In comparison with a homogeneous (nonsectioned) transducer, here, the transfer function of the AO cell contains two main maxima, which are located symmetrically with respect to the Bragg angle ${\mathsf{\theta }}_B$, as shown in Figure 2 with the red curve. It follows from the figure that AO diffraction is absent when the light beam falls at the Bragg angle (${\mathsf{\theta }}_0={\mathsf{\theta }}_B$). This is due to the fact that partial diffracted waves generated in neighboring acoustic beams are phase-shifted by $\pi$ and therefore dampen each other during interference. However, there are other maxima situated equidistantly with the period $\Lambda /d$, which are inscribed into the dashed green curve showing the radiation pattern of a separate section of the transducer. The width of the maxima is equal to $\Lambda /md$, where m is the number of periods of the transducer array. Thus, we can conclude that in the case of the phased-array transducer, the concept of the Bragg angle as the angle of light incidence, at which the phase-matching condition is fulfilled and the maximum diffraction efficiency is observed, is incorrect. Here, we can talk about the optimal angles of light incidence ${\mathsf{\theta }}_{opt}={\mathsf{\theta }}_B\pm \Lambda /2d={\mathsf{\theta }}_B\pm V/2fd$, which correspond to the maximal scattering of light, although the phase-matching condition is violated. It can be noticed that these optimal angles conform to the conventional Bragg angles when light falls on the equivalent wavefronts. Consequently, such a structure of the acoustic field can be considered as a superposition of two fields excited by two solid piezoelectric transducers rotated relative to each other by the angle $\Lambda /d$. Our calculations show that the diffraction efficiency here can reach 100%, despite a noticeable phase mismatch. However, this requires slightly higher acoustic power [10,11].

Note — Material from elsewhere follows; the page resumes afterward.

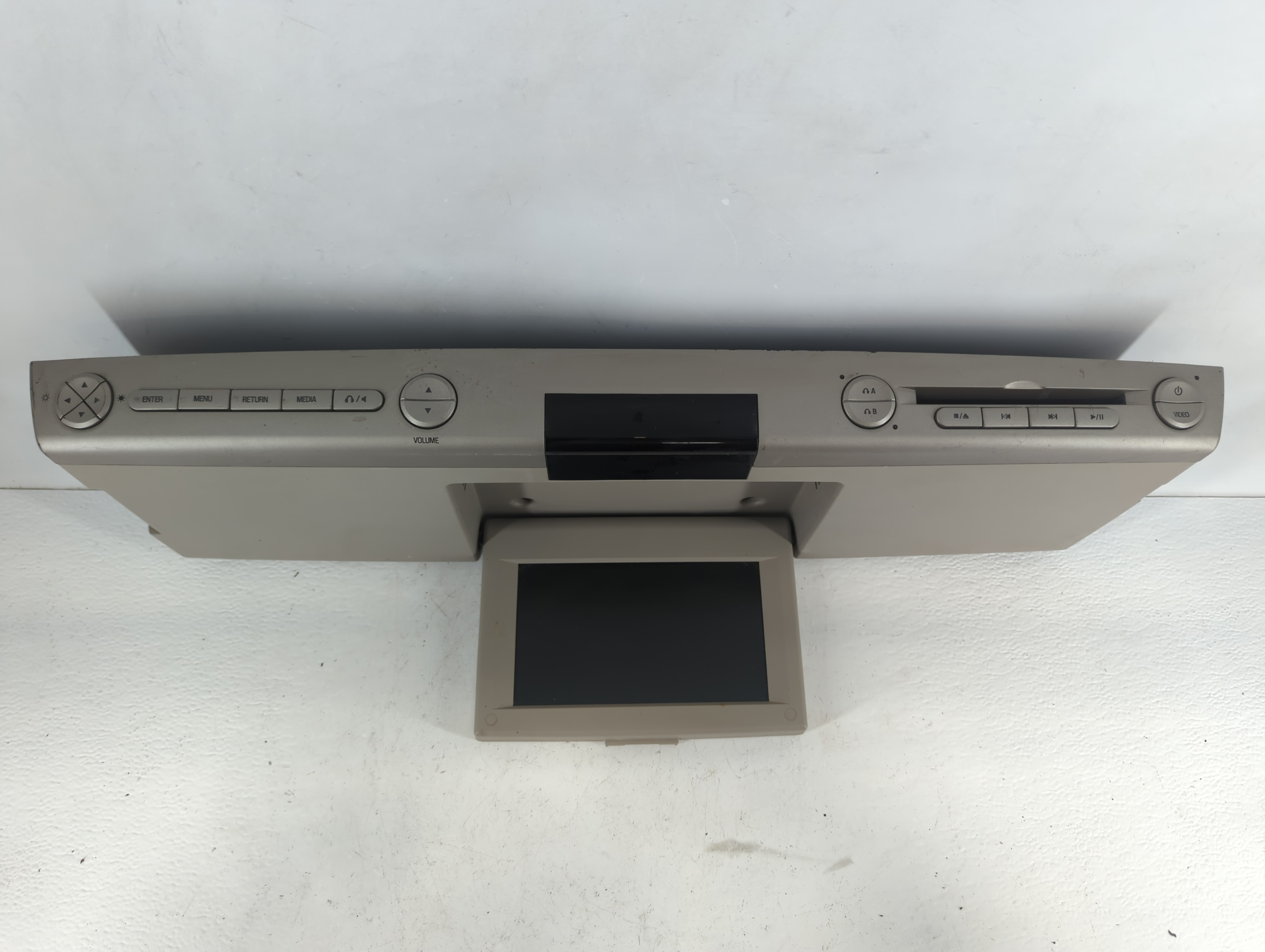 2010 Lincoln Navigator Information Display Screen 1081764 - Oemusedautoparts1.com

As follows from Equation (1), when the ultrasound frequency decreases, the main lobes of the transducer radiation pattern diverge. Therefore, if one chooses the true angle of light incidence, the equivalent wavefront will rotate, adjusting to the changing Bragg angle. This adjustment will not be complete since the Bragg angle depends on the frequency linearly, but the angle of rotation $\Psi$ is in accordance with the hyperbolic law. The best correction of the Bragg angle is obtained when $\mathrm{d}{\mathsf{\theta }}_{opt}/\mathrm{d}f=0$. This condition is satisfied at the frequency:

$$f^{\ast }=V\sqrt{\frac{n}{\lambda d}}$$

(2)

where n is the refractive index of the AO medium and $\lambda$ is the optical wavelength in vacuum. Thus, by selecting an appropriate period d of the phased-array transducer, we can set the operating point $f^{\ast }$ in any desired frequency range.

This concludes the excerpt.